● Task data:
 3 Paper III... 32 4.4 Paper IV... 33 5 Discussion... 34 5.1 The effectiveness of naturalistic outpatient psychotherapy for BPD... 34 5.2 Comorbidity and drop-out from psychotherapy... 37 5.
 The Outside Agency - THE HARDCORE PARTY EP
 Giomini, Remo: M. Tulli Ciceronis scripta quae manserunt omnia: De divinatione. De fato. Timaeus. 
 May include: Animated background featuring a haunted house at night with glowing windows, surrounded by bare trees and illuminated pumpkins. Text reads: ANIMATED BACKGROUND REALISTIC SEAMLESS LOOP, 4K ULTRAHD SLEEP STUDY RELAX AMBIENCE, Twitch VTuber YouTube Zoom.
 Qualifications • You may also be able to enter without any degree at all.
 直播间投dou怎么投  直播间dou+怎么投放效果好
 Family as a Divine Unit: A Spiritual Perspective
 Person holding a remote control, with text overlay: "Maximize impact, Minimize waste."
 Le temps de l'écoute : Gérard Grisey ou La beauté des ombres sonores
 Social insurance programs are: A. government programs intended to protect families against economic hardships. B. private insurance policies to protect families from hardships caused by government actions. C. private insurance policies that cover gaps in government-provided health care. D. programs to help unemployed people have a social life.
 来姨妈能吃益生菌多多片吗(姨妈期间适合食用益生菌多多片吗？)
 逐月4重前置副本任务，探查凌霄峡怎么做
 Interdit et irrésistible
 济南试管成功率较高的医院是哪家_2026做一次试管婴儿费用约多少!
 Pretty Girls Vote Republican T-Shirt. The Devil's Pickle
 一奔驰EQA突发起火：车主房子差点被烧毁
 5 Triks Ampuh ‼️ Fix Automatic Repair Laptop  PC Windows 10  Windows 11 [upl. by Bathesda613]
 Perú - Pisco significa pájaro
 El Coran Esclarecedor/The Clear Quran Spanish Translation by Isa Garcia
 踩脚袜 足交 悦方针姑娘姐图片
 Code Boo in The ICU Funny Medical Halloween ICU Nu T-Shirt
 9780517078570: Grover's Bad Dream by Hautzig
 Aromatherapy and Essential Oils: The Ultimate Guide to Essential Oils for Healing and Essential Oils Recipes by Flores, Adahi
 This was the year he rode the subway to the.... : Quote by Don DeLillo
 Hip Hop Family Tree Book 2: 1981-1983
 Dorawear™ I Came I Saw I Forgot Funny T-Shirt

● Instructions for the task: Look through the listing above and copy each line where the string "Family" occurs.

● Output:
 Family as a Divine Unit: A Spiritual Perspective
 Hip Hop Family Tree Book 2: 1981-1983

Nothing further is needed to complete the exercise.